-------- Input material --------

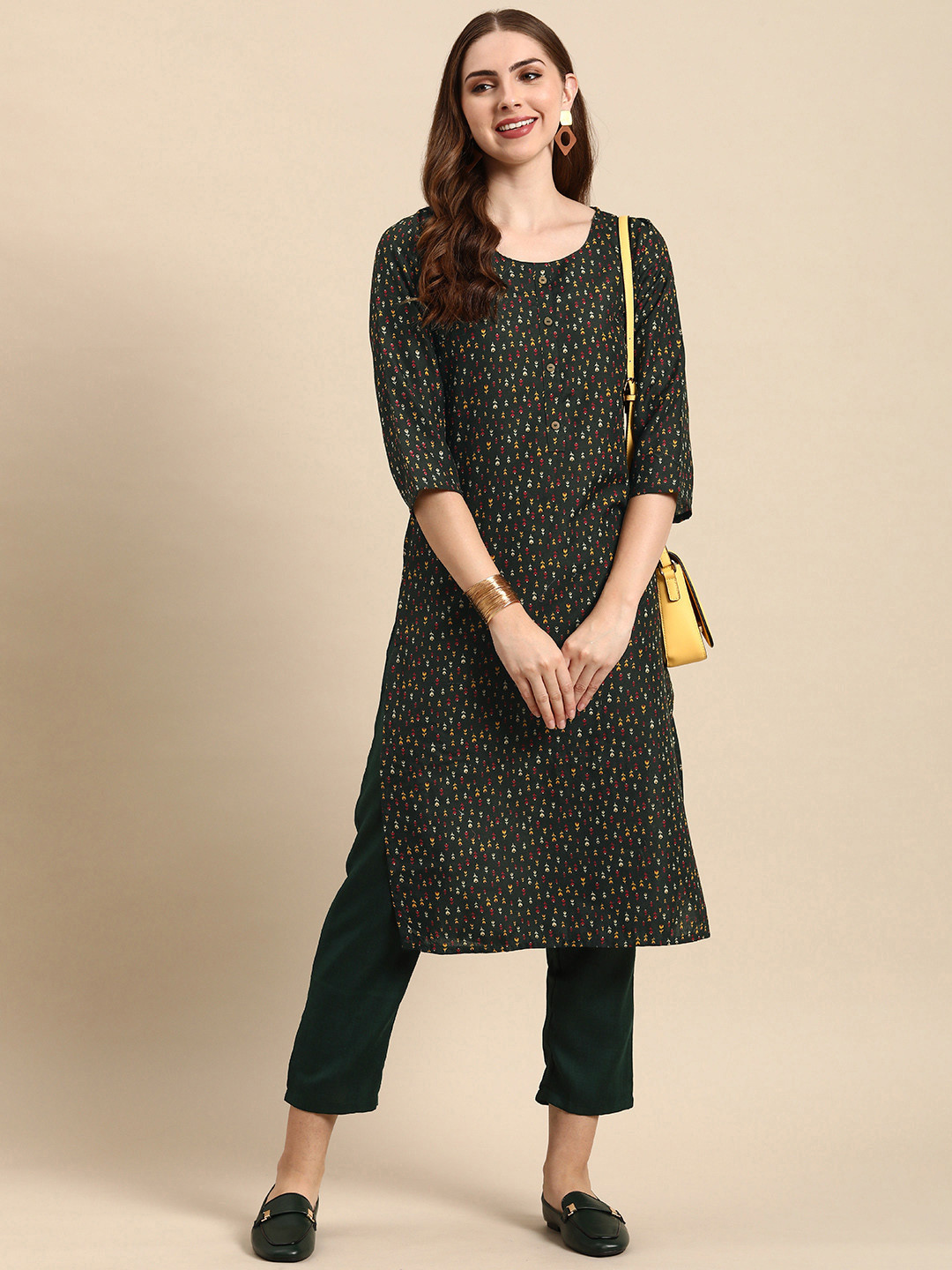 

Anouk Women Floral Printed Kurta with Trousers, Olive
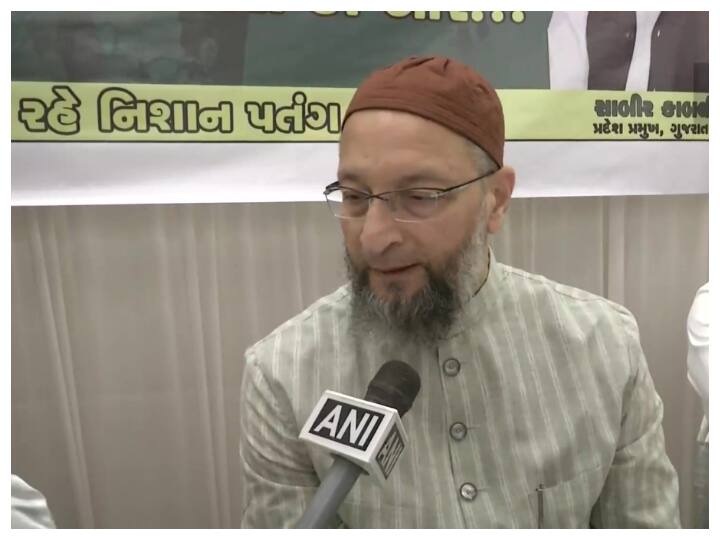 Owaisi Calls For 'Khichdi' Govt, Weak PM In 2024 Elections, Says Country's Poor Can Be Benefitted Owaisi Calls For 'Khichdi' Govt, Weak PM In 2024 Elections, Says Country's Poor Can Be Benefitted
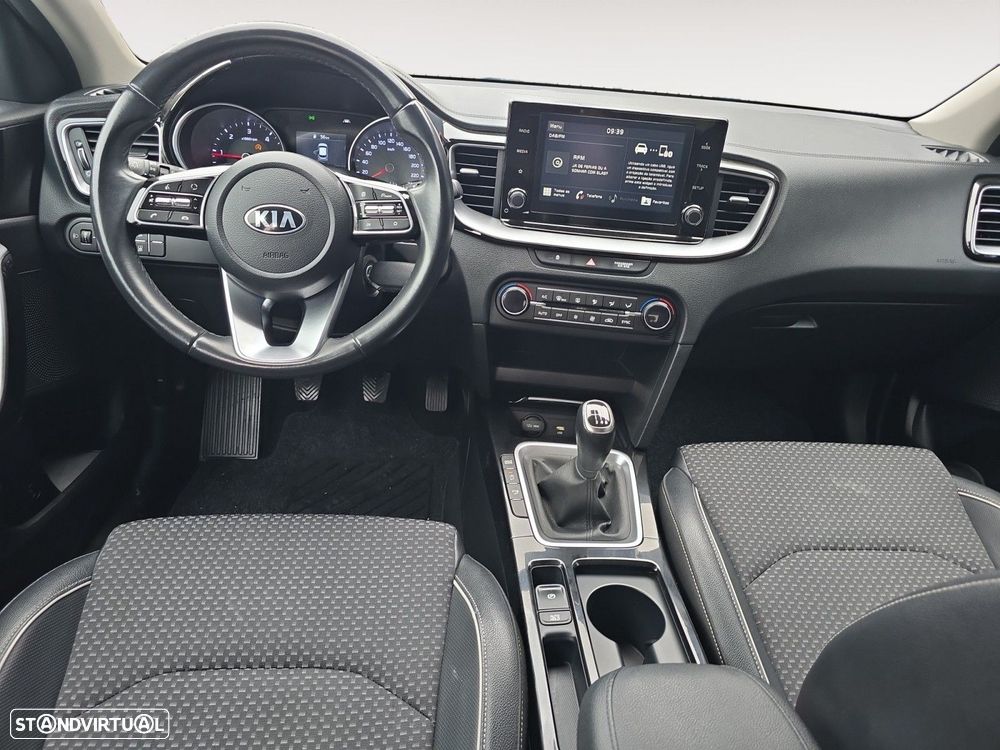 Kia XCeed 1.6 CRDi MHEV Drive - 10
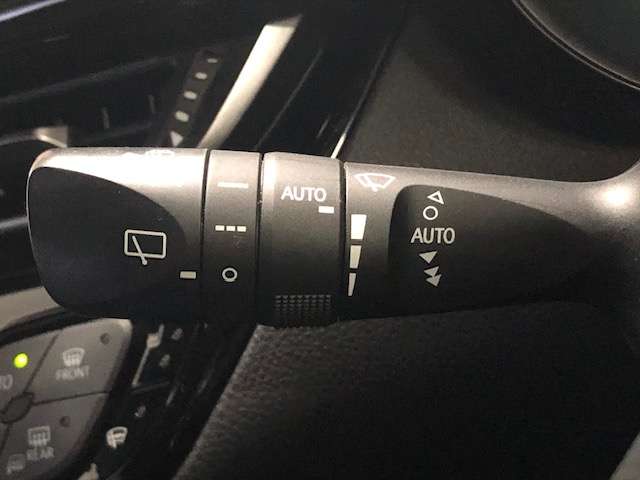 トヨタ Ｃ−ＨＲ １．２ Ｇ－Ｔ ４ＷＤ H29年 (北海道) 99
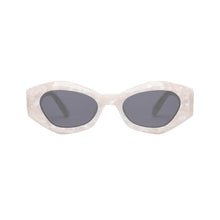 'Rufus' - Pearl White w. Black Lens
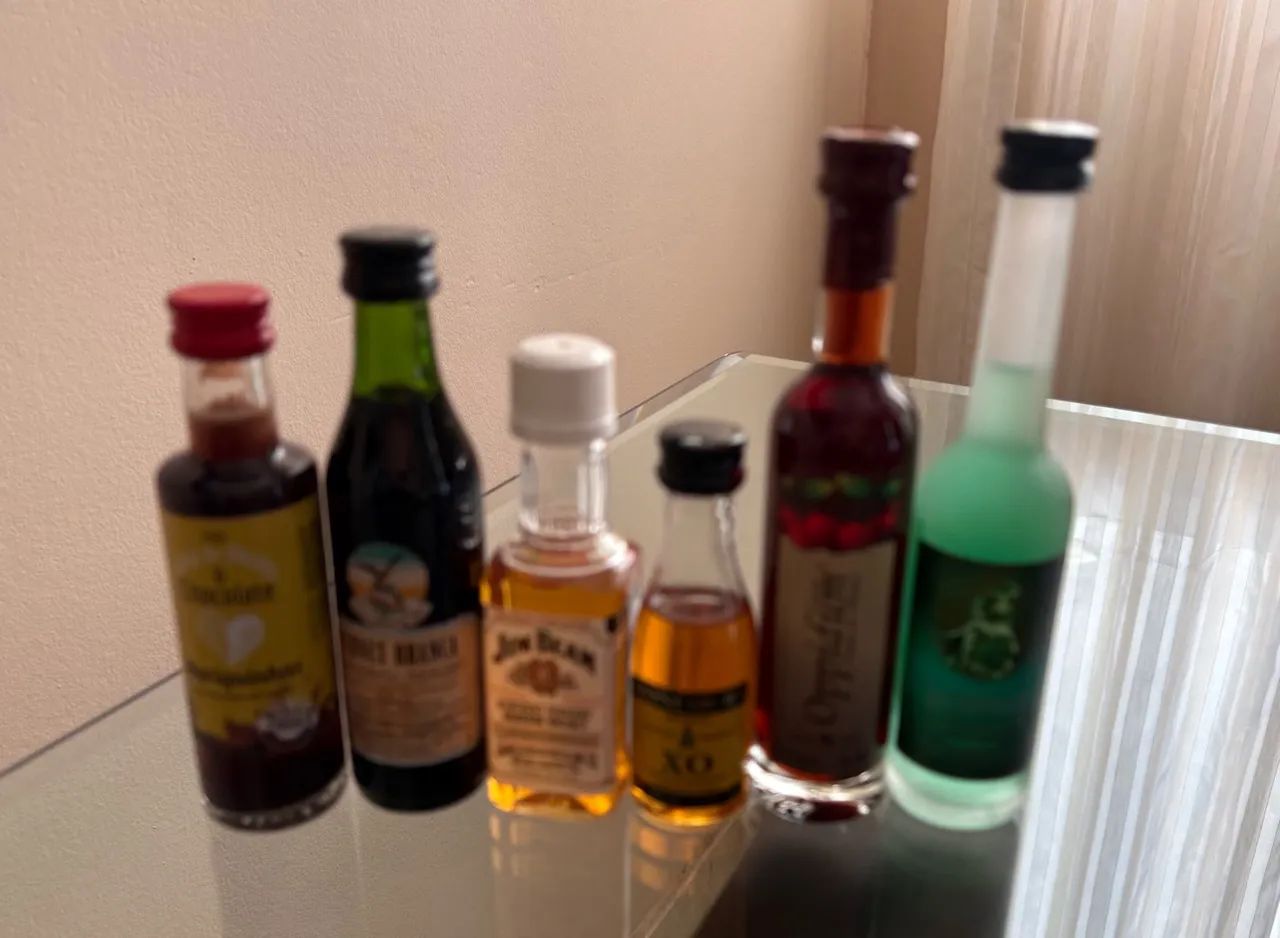 Miniaturas diversas bebidas importadas - Foto 5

--------

# [Action item]
Print exactly the span of lines that begins with the line containing "Be Benefitted Owaisi" and ends with the last line of the listing, with no pictures.

# [Exercise response]
 Owaisi Calls For 'Khichdi' Govt, Weak PM In 2024 Elections, Says Country's Poor Can Be Benefitted Owaisi Calls For 'Khichdi' Govt, Weak PM In 2024 Elections, Says Country's Poor Can Be Benefitted
 Kia XCeed 1.6 CRDi MHEV Drive - 10
 トヨタ Ｃ−ＨＲ １．２ Ｇ－Ｔ ４ＷＤ H29年 (北海道) 99
 'Rufus' - Pearl White w. Black Lens
 Miniaturas diversas bebidas importadas - Foto 5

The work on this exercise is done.